Launch a company in a jurisdiction that allows issuing utility tokens (not
USA)

Then get them listed on an exchange or sell them

Use the money to build the stuff

Also pay people in the tokens themselves

The latter thing can be done legally with equity in the USA. Look up the book
“Slicing Pie”

My #1 advice to first time entrepreneurs is DONT BE AFRAID TO DILUTE YOUR
EQUITY ENOUGH TO GET THE BEST PEOPLE ON BOARD AND MOTIVATED TO TAKE INITIATIVE
EVERY DAY/WEEK TO HELP YOU.

------
chrisco255
Ideas are only worth slightly more than zero. You need to prove out your
hypothesis (that the market even values your idea, or the execution of your
idea) first, before you go to investors...generally. The only way around that
(usually) is that you have such a reputation of success that people are
willing to take a chance on your unproven idea.

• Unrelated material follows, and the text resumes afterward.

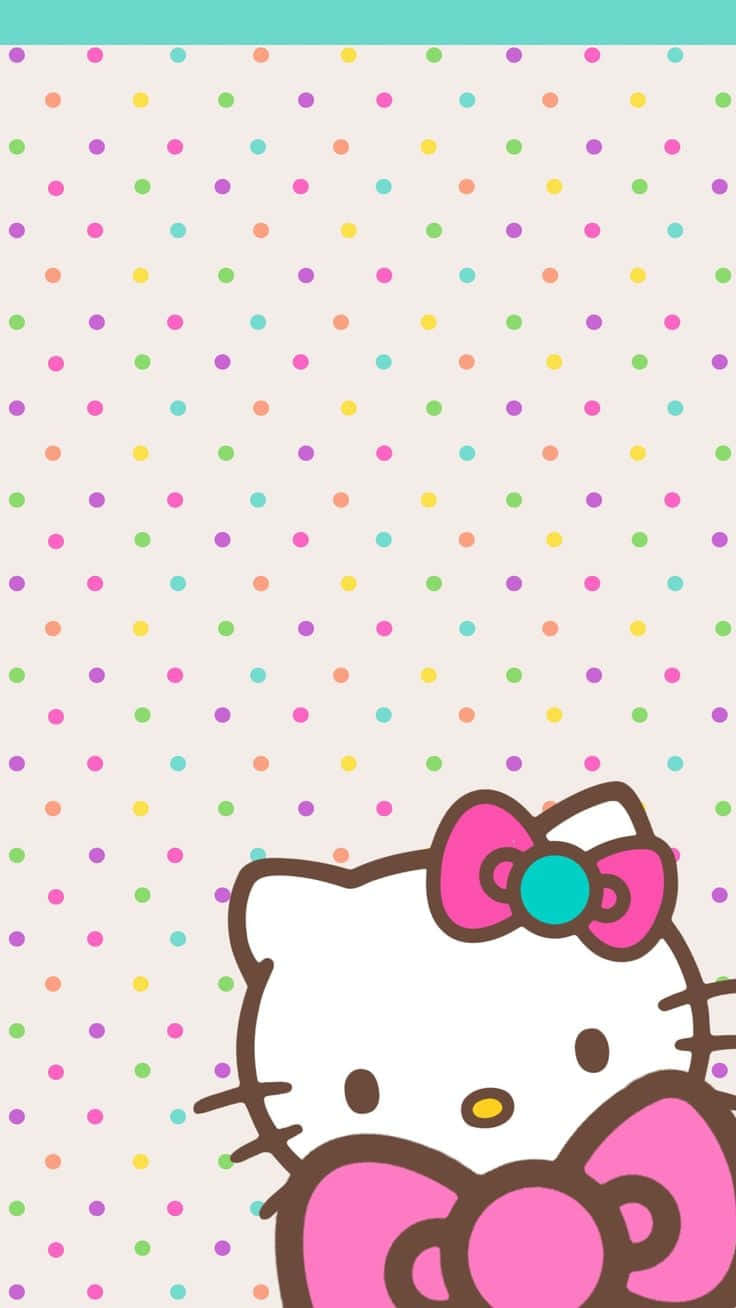 Simu ya Polkadot Sanrio Picha ya Ukuta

But it doesn't take a runaway success of a product, to be able to raise money.
You can build a prototype, get sign ups with a landing page, use crowdfunding
to raise funds and pre-sell a physical product, etc. Or if it's a SaaS
product, even as few as a dozen customers and a strong target market can be
enough to go raise money through angels/accelerators in Silicon Valley or
other tech hubs.

------
hluska
I'm not trying to be argumentative, but I would work on building a vast
personal network. As you go from idea to product to business, you'll reach
many points where you need a network, or at least the skills to go out, meet
someone and get them to help you. I'd start building those skills and a
network while I'm fundraising.

------
dnautics
My approach:

Build a personal network. I went to work for a startup, and delivered
engineering goals on time. Now the CEO thinks I'm the only competent developer
on staff. Will let you know how it goes.

------
danieltillett
It is not a revolutionary idea unless you can fund it, it is just another
worthless idea.